Speaking on Thursday at a conference organised by VinPro and Nedbank to look at the unique challenges facing the wine industry, VinPro CEO Rico Basson said there needed to be a social contract in the wine industry, which included the industry, labour and government.
He said at present local producers were not making enough money, which discouraged them from planting new vines.
SA’s nearly 100,000ha of vineyards generates about 3% of the world’s wine production, putting it in the top 10 largest producers.
Western Cape economic opportunities MEC Alan Winde told the conference that land reform was as much of a threat to the wine industry as the present energy crisis. He said land reform and labour unrest were the biggest risks facing the industry and the broader agricultural sector.
He called for land reform to be speeded up as it created uncertainty in the agricultural sector.

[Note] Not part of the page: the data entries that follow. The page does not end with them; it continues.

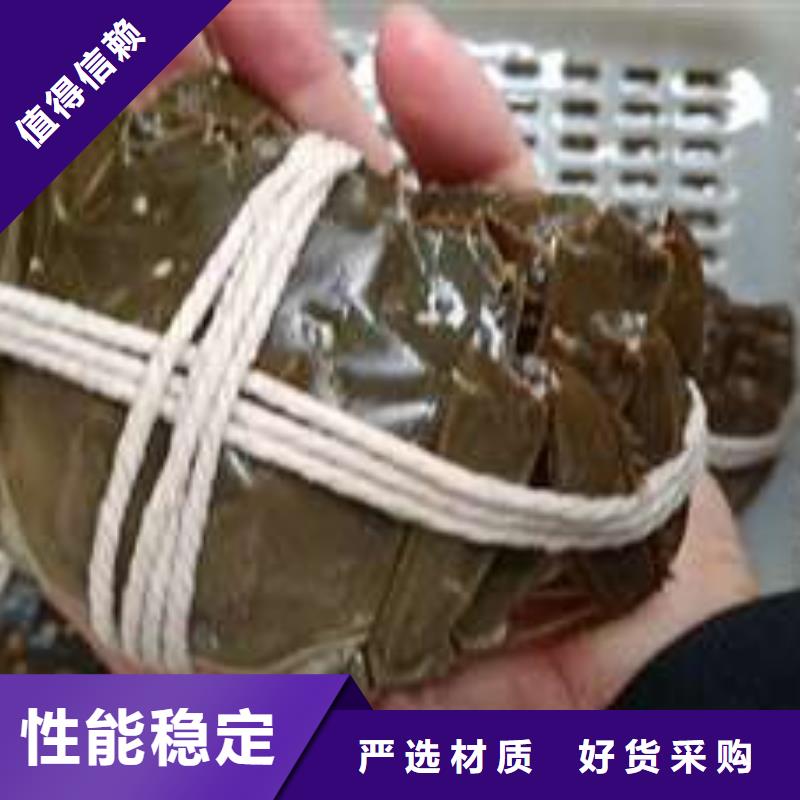 阳澄湖大闸蟹天天低价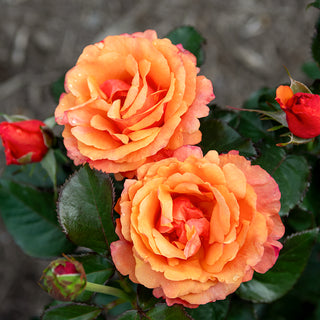 Anna's Promise Grandiflora Rose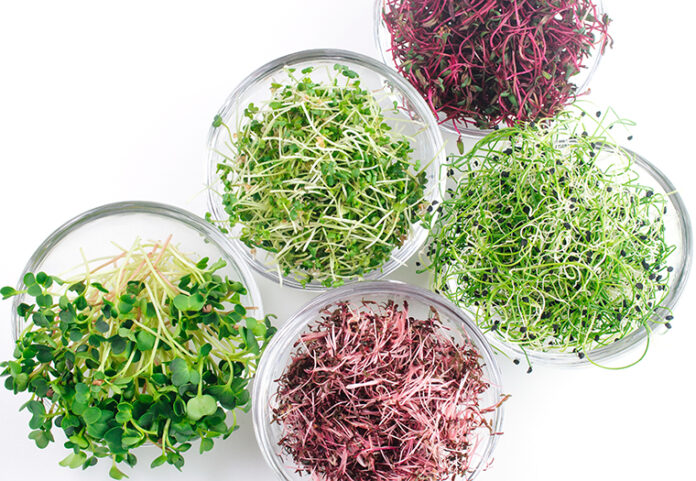 Micro,Greens,Sprouts,Of,Radish,,Amaranth,,Mustard,,Beetroot,And,Onion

The tardiness of land redistribution has at times led to sporadic land occupations around the country and to tension on farms.
Last year labour organisations warned Zimbabwe-style invasions could become “inevitable” if farm evictions persisted and farmers resisted change in land ownership.
Some wine farms in the Western Cape were last year hit by a wave of labour unrest as unions claimed that farm workers were being evicted as owners feared land reform proposals announced by Rural Development and Land Reform Minister Gugile Nkwinti.
The minister proposed that long-term farm workers be given a 50% equity share of the farms on which they worked.
Nedbank group managing executive for retail and business banking Philip Wessels told Business Day on the sidelines of the conference that the wine industry wanted a resolution to the labour unrest on farms and was taking the demands of the workers seriously.
“We are doing our bit to finance farmers and provide banking services for them so that they can create more jobs,” he said.
VinPro consultation service manager Francois Viljoen expected a good harvest this year although it was unlikely that 2013’s record harvest would be surpassed.
The grape harvesting season usually stretches from November to the end of April.
In the 2013 season, a record total harvest of 1.48-million litres of wine, juice and grape concentrate for nonalcoholic consumption was produced. This was 5.4% higher than the 2012 crop and 4.8% up on the previous record set in 2008.
“So far so good … early indications of harvests look good, with good grape analysis. We are, however, concerned about the forecasted heat waves.
“But in most wine regions we have irrigation water available. We can manage the heat to a certain extent with good irrigation management practices.”